RECORDS SHOWN:
-- Opening Marker --

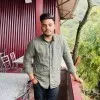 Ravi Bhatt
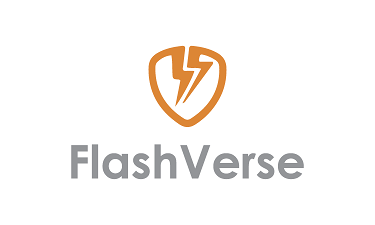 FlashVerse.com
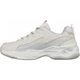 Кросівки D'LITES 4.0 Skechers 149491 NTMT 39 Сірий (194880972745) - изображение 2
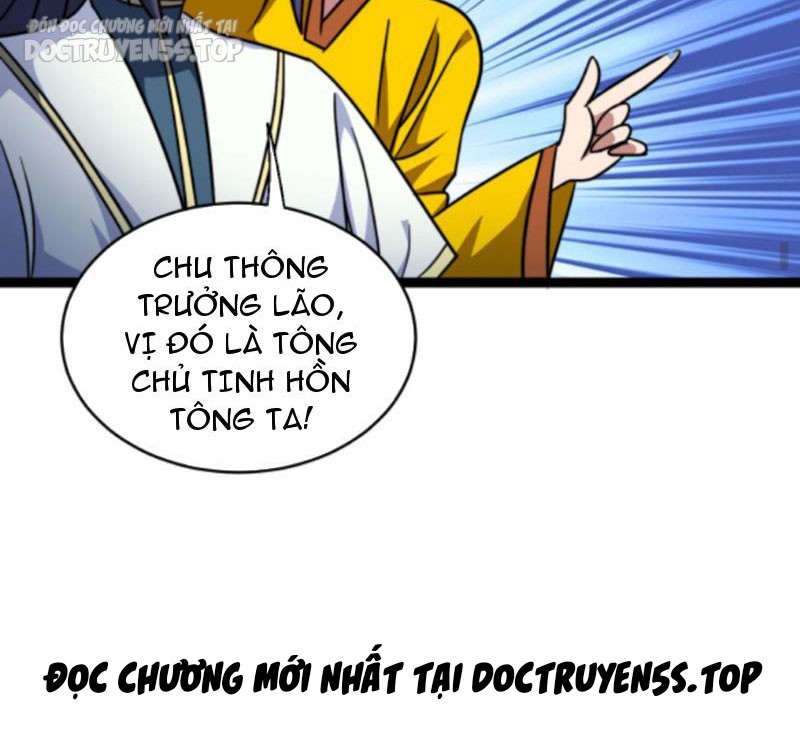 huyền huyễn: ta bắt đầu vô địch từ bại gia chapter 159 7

-- Closing Marker --
-- Opening Marker --

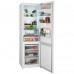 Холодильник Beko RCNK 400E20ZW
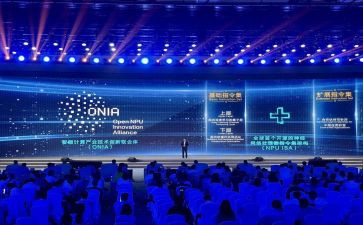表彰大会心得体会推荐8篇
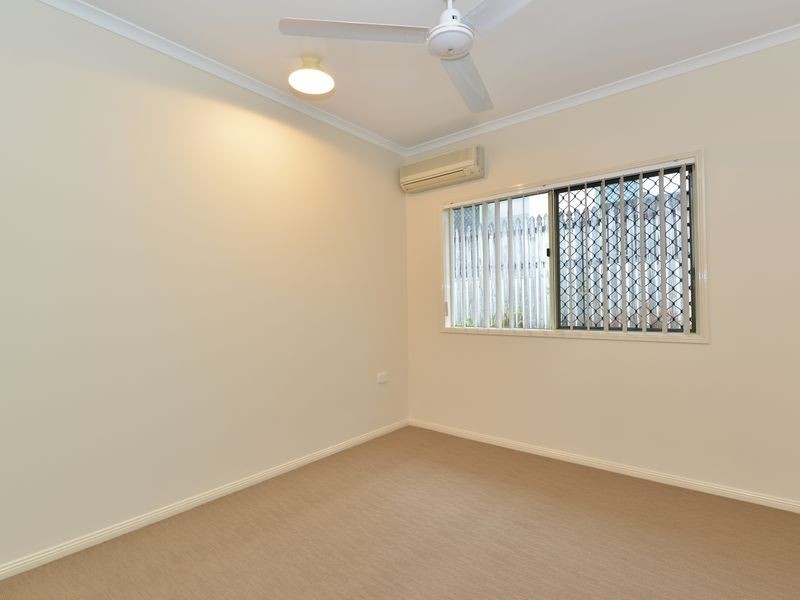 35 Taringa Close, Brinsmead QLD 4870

-- Closing Marker --

Nothing except the lines from the one containing "Холодильник Beko RCNK 400E20ZW" through the one containing "35 Taringa Close, Brinsmead QLD 4870" should appear in the answer, exactly as above and without pictures.

 Холодильник Beko RCNK 400E20ZW
表彰大会心得体会推荐8篇
 35 Taringa Close, Brinsmead QLD 4870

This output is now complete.